現在までの達成度 (区分) |
現在までの達成度 (区分)
2: おおむね順調に進展している
理由
研究の推進方策に対して、おおむね順調に進行してる。
【1.水熱合成法により得られた試料の電気伝導度評価】水熱法で合成したペロブスカイト関連構造を持つBa5Nb4O15の500℃における電気伝導度は、固相反応法で合成した試料と比較して約2桁高かった。また、400℃付近において電気伝導度のアレニウスプロットの傾きが変化したため、結晶構造中の水酸化物イオンの脱離による電化キャリアの変化が示唆された。 【2、赤外分光法を用いた水酸化物の解析】酸素欠損ペロブスカイト構造をもつBa(ZnxNb1-x)O3-dは大気中から結晶格子中へ水分子を取り込み 酸水酸化物Ba(ZnxNb1-x)O3-d(OH)yへと変化する。拡散反射法を用いたTFIR測定を40℃~600℃で行い、ガウス曲線を用いたスペクトルのピークフィットにより、各ピーク面積値の温度変化と振動数から試料中におけるO-H結合形態を推測した。スペクトルは6つのガウス曲線によって再現され、40C℃~100℃の温度範囲において、ピーク4, 5, 6のピーク面積は大幅な減少、ピーク1, 2のピーク面積は増大を示した。また、ピーク3のピーク面積はほぼ変わらなかった。結晶格子中の水酸化物イオンは吸着水以上に強い結合を形成するため、高振動数側で観測されると考えられる。
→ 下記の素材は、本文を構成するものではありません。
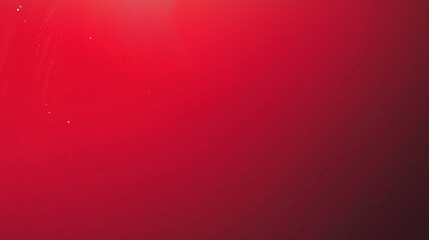 Solid Red Gradient Abstract Background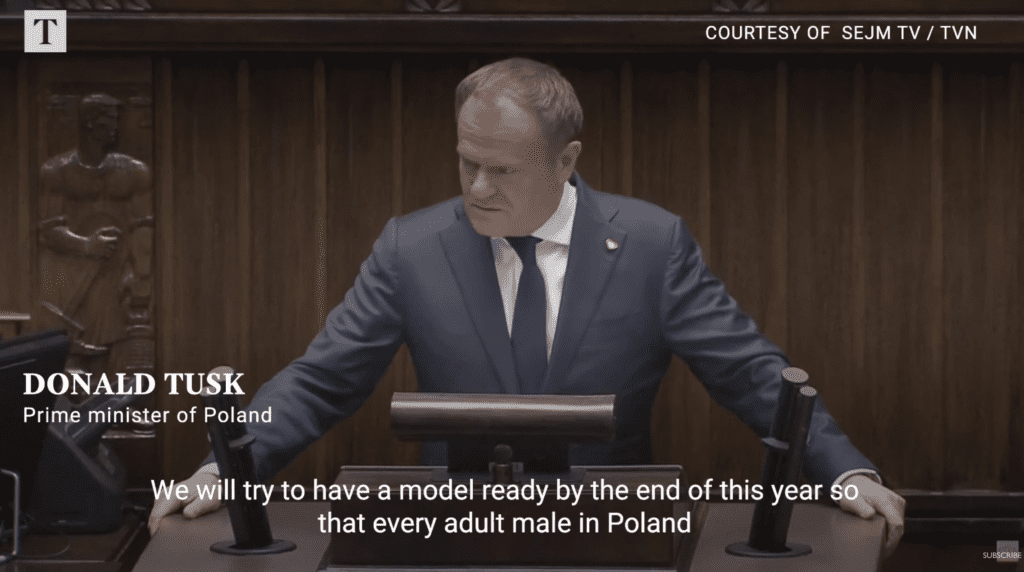 Poland Military Training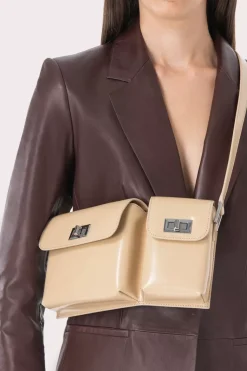 Billy Kraft Semi Patent Leather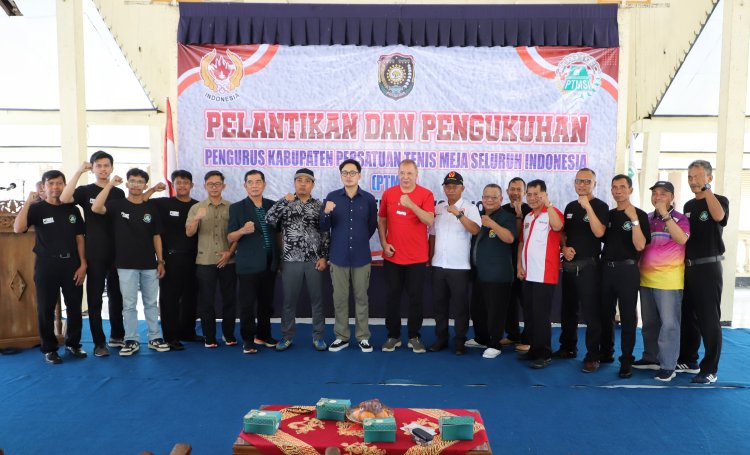 PTMSI Kabupaten Purworejo Fokus Pada Pembinaan Usia Dini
したがって、ピーク4, 5, 6は結晶粒表面に吸着した水分子、ピーク1, 2, 3は格子酸素とプロトンが形成したO-H結合に帰属されると推測した。 【3、水酸化物イオン含有量の増大】当該年度に導入した特注の電気炉により、気相で高濃度水蒸気と試料を反応させることが可能となり、結果として試料の水酸化物化が促進されることを確認した。